Today’s release of the ISM services PMI helped to soothe investor nerves slightly after recession fears and unwinding of carry trades had caused a big slump in risk assets and USD/JPY earlier in the day, trigging sharp moves in other FX markets too. At the time of writing, the major indices had bounced off their lows but still remained deep in the red. Stock market investors will continue to monitor FX and bond markets for direction. With the dollar starting to ease against some of the other major currencies, perhaps this could help take attention away from the plunging USD/JPY. Still, for the major indices a bullish reversal candle is now needed to confirm the market has formed at least a temporary low before dip buyers can confidently exert the same sort of pressure on the markets that had been evident in the first half of the year.
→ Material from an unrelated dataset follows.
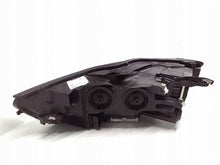 Laden Sie das Bild in den Galerie-Viewer, Frontscheinwerfer Audi A6 4G0941044G Rechts Scheinwerfer Headlight SCH2388647667oi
Meanwhile, the EUR/USD earlier was up at 1.10 to test its best levels since January, before dipping on the back of the ISM data. Still, in light of the big drop in the dollar index and expectations of a sharp pivot by the Fed, the EUR/USD forecast will remain positive.
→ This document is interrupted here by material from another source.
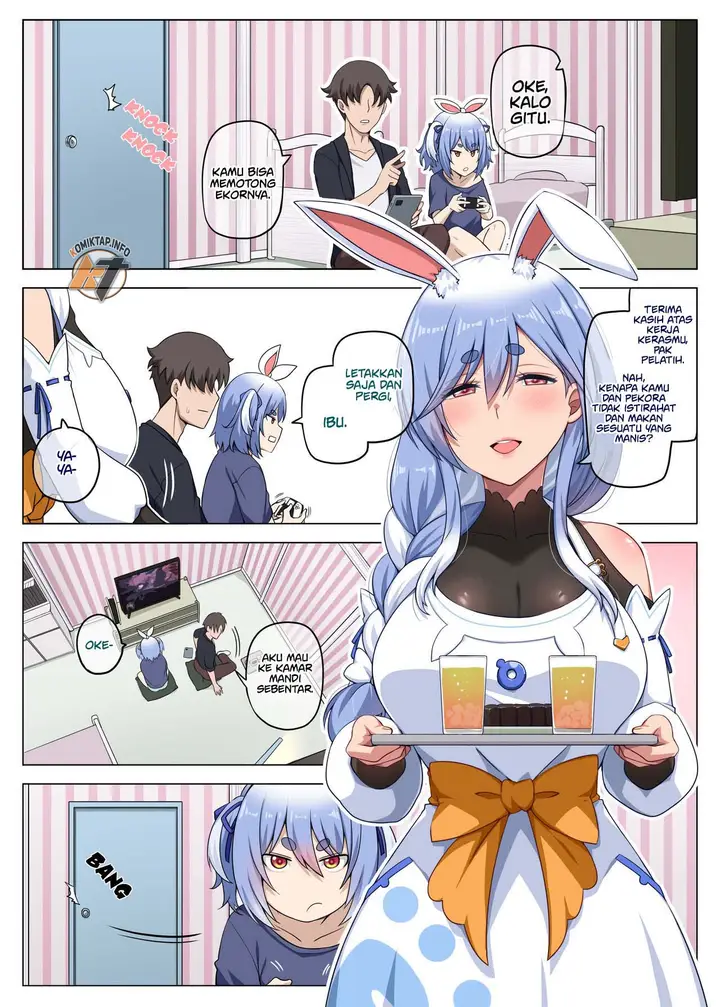 image-komik-mommy-pitfall-chapter-01-end-2/28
EUR/USD forecast boosted by carry trade unwind
Primarily due to the unwinding of carry trades, we have seen a big plunge in risk assets over the last few trading days, with the selling gathering pace overnight before the services PMI data helped soothe concerns somewhat. A big feature of the gains in risk assets in the first half of the year involved what we call a carry trade. This involves borrowing money at low-interest rates (for example in Japan) and investing it in higher-yielding assets (for example US technology stocks or Treasuries). This strategy is popular in forex trading, where investors exploit low-interest rates and weaker currencies in one country to reinvest in another with higher returns. But right now, we are seeing the opposite of that trade, after Japan surprised investors with a bigger rate hike last week than expected. Meanwhile, the US dollar lost some of its yield advantage as weaker macro data raised recession alarm bells, and thereby a sharp repricing in US interest rates expectations. On balance, this is also helping the EUR/USD given prior expectations that the Fed will cut rates at a slower pace then the ECB, even if the latter has already started cutting.
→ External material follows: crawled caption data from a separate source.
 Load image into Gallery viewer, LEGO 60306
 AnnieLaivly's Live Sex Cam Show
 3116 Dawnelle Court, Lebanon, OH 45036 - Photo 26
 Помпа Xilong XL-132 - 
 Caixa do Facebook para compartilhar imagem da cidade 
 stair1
While the gains in the EUR/USD appear limited for the time being, I reckon once the equity markets stabilise, we might see the single currency and other major currencies gaining strength against the dollar more profoundly. For, the greenback has lost some of its yield advantage after Friday's disappointing US jobs report and a series of weak economic indicators suggesting an imminent recession. For now, the euro is the only currency showing resilience, apart from those with lower interest rates like the yen, franc, and the Chinese renminbi.
EUR/USD technical analysis
Source: TradingView.com
The technical forecast on the EUR/USD remains bullish ever since it broke above its bearish trend line that had been in place since last July. Consequently, we will be looking for dips back to any of the short-term support level such as 1.0950, 1.0900 and perhaps even 1.0835 to hold and provide a bounce. On the upside, resistance at 1.1000 has already been tested today and so far, it has held firm. A break above it could pave the way for a run towards the prior highs of 1.1140 (Dec) and 1.1275 (last July).